**The task**
Copy out every line in the entries below that includes "Light".

Data records:
Segment Open

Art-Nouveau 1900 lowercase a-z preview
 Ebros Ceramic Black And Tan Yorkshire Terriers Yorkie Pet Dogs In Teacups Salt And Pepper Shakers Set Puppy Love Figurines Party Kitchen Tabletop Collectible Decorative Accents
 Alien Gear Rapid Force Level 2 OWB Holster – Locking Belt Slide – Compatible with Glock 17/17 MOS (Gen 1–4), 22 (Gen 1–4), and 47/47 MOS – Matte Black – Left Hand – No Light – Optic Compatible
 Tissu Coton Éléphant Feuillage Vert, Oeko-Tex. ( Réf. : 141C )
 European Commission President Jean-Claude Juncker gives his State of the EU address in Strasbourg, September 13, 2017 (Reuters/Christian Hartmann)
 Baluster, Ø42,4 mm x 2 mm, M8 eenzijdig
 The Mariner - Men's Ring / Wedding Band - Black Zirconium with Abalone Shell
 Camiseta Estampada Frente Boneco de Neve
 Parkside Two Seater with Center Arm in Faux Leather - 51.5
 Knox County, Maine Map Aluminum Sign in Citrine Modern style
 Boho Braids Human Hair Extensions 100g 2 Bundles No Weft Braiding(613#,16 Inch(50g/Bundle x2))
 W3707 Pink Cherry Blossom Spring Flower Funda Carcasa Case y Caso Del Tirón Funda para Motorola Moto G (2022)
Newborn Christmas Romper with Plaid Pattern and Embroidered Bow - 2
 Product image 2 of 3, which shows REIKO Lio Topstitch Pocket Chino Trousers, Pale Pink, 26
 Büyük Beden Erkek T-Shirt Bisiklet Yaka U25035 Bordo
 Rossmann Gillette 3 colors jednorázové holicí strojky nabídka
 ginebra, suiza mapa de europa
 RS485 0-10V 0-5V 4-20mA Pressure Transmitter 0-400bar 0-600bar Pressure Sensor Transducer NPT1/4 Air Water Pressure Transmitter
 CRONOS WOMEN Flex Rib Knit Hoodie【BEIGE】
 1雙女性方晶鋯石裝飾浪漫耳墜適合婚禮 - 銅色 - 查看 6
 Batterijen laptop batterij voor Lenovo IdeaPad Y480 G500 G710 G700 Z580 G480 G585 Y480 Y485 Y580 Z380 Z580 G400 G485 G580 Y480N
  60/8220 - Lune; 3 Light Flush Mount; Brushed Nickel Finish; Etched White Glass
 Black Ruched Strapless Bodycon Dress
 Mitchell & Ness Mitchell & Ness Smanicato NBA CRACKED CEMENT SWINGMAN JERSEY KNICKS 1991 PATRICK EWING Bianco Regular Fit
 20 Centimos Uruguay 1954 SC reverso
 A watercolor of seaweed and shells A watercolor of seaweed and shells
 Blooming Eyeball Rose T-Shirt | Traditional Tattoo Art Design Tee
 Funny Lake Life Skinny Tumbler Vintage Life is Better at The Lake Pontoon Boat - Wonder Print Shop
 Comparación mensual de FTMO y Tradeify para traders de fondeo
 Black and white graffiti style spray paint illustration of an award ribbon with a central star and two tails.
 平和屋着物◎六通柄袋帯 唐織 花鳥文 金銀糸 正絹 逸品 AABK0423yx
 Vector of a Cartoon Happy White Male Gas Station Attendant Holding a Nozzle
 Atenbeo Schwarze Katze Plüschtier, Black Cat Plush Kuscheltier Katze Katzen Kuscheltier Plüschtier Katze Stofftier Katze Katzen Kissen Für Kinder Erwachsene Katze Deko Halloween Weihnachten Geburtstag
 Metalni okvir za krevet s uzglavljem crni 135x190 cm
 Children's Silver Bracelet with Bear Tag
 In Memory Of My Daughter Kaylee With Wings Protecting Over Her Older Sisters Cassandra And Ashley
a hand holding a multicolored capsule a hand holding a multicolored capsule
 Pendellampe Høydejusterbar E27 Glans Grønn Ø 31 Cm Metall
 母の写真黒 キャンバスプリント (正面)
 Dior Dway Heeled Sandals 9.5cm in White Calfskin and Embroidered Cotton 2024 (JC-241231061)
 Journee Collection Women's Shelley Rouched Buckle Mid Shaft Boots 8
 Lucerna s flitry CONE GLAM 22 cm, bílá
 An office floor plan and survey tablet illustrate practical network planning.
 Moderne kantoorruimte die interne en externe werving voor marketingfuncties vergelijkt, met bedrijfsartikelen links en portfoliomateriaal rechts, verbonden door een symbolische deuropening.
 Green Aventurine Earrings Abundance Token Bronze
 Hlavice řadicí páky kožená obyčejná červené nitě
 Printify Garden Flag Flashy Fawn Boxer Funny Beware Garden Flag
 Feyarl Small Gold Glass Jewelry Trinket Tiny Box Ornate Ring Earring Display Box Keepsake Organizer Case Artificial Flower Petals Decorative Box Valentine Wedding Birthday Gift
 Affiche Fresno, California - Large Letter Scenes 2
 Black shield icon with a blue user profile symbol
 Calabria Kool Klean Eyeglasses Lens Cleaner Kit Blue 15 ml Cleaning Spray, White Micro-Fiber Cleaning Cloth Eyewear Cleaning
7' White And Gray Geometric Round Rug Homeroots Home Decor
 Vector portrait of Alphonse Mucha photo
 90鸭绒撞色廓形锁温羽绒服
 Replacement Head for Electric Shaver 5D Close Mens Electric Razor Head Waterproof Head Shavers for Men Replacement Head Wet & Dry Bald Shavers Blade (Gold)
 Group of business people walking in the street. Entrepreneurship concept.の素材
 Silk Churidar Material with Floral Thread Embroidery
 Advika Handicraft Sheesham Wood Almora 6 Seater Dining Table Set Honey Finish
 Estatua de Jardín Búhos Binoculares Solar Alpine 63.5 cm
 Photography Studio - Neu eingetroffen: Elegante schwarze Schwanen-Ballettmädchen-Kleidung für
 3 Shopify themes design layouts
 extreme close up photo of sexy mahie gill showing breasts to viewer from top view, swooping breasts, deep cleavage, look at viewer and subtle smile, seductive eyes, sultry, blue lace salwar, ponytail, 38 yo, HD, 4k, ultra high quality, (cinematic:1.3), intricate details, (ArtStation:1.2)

Segment Closed

**Answer section**
 Alien Gear Rapid Force Level 2 OWB Holster – Locking Belt Slide – Compatible with Glock 17/17 MOS (Gen 1–4), 22 (Gen 1–4), and 47/47 MOS – Matte Black – Left Hand – No Light – Optic Compatible
  60/8220 - Lune; 3 Light Flush Mount; Brushed Nickel Finish; Etched White Glass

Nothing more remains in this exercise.